Clicking a name in the Source column makes the main song-list area change accordingly, like this:
Click the icon of a CD you’ve inserted; the disc’s track list appears.
Click a playlist (page 51); the contents of that music mix appear in the window.
Click the Radio icon for a list of Internet radio stations, or the Party Shuffle icon to—well, see page 36.
Click the Music Store icon; you jump to Apple’s online music emporium where you can browse, preview, and buy songs (Chapter 4).
As shown in Figure 1-1, the iTunes window is brimming with tools for managing your music, all of which are described in detail in the following chapters. But first you’ll need some music to work with. The next section explores one of the most popular uses for iTunes—ripping digital audio files from compact discs.
Don’t be misled by the brushed-aluminum look of the iTunes window. In fact, you can push and pull the various parts of the window like taffy.
You can resize the panes within the iTunes window. Look for a shallow dot between panes; it denotes strips that you can drag to resize adjacent panes.
The main song list is separated into columns, which you can sort and rearrange. Click a column title (like Artist or Album) to sort the list alphabetically by that criterion. Click the black triangle next to the column title to reverse the sorting.
Change the order of the columns by dragging them. For example, if you want to have Album right next to the Song Name, drag the word Album horizontally until it’s next to Song Name.
To resize all the columns so that they precisely fit the information in them, Control-click any column title and choose, from the contextual menu, Auto Size All Columns.

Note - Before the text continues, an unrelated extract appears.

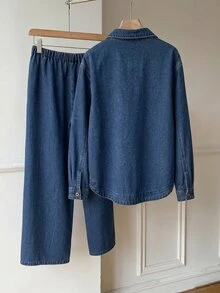 SHEIN EZwear 女款單排扣長袖上衣與長褲休閒日常牛仔套裝 - 中等水洗藍 - 查看 3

Double-clicking on the vertical column lines automatically resizes them to fit the text as well.
To add more columns (or less), Control-click any column title. From the pop-up list of column categories (Bit Rate, Date Added, and so on), choose the name of the column you want to add or remove. Column names with checkmarks are the ones that are currently visible.

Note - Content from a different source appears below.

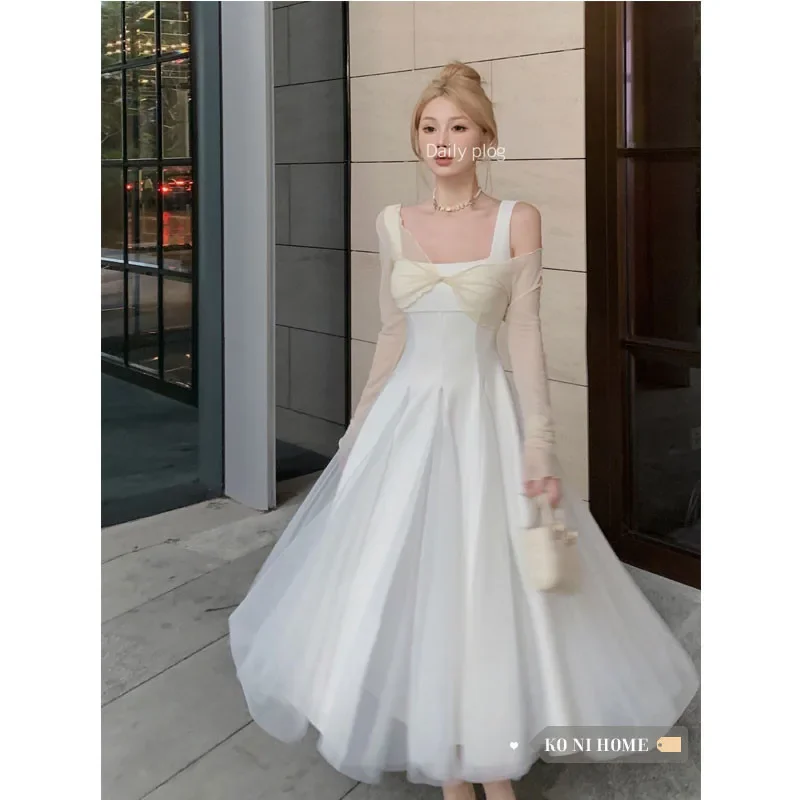 

New Summer Super Fairy White Dress Princess Hepburn Sleeveless Suspender Mesh Evening Dress Spaghetti Strap A Line Party Dress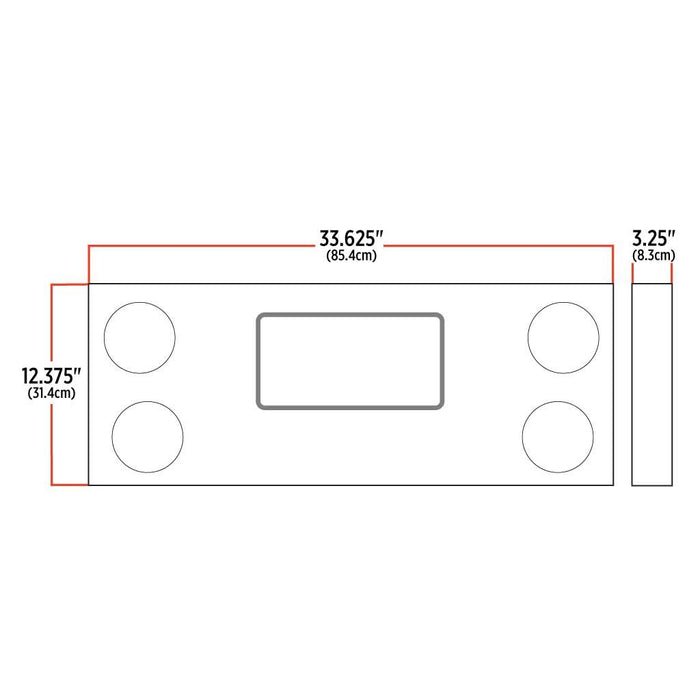 Dark Slate Gray TU-9017LC. LED Rear Center Panel – 4″ LEDs (ClearLens) | Stainless Steel REAR CENTER PANEL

Want to track your own listening habits? Turn on the Play Count in iTunes Options. Now you can see just how many times you have played “I Want You Back” by the Jackson 5 since you ripped that CD of old Motown gems to your hard drive. Checking out the Top 25 Most Played playlist in the Source window can also let you know where your ears have been lately.
If you intend to make a lot of adjustments to your list of columns, though, it’s much faster to make the changes all at once. Choose Edit → View Options to produce the dialog box shown in Figure 1-2, where you can turn columns on and off en masse.
Figure 1-2. The View Options box from the iTunes Edit menu lets you see as many—or as few—categories for sorting your music as you can stand.Even in this tiny, unassuming dialog box, a trick or two awaits. If you Option-click any checkbox that’s turned on, you turn all of them off. And vice versa.If you want to turn all of them off except Album and Artist, for example, you’ll save time by Option-clicking a turned-on box to turn them all off—and then turning the two you want back on.
Lovely as the iTunes window may be, it can take up a heck of a lot of screen real estate. When you’re just playing music while you work on other things, you can shrink iTunes down to a svelte display panel that takes up a fraction of the size of the full window.
In fact, iTunes can run in three size modes: small, medium, or large (Figure 1-3). Here’s how you pull this off:
Medium. You can switch between large and medium by clicking the green zoom button at the top- or middle-left corner (or choosing Window → Zoom).
Small. If your desktop isn’t big enough for even the small iTunes window in Figure 1-3 at lower left, try taking it down a notch. To create the mini bar shown at lower right in Figure 1-3, start with the medium-size window. Then drag the resize handle (the diagonal lines in the lower-right corner) leftward. To expand it, just reverse the process.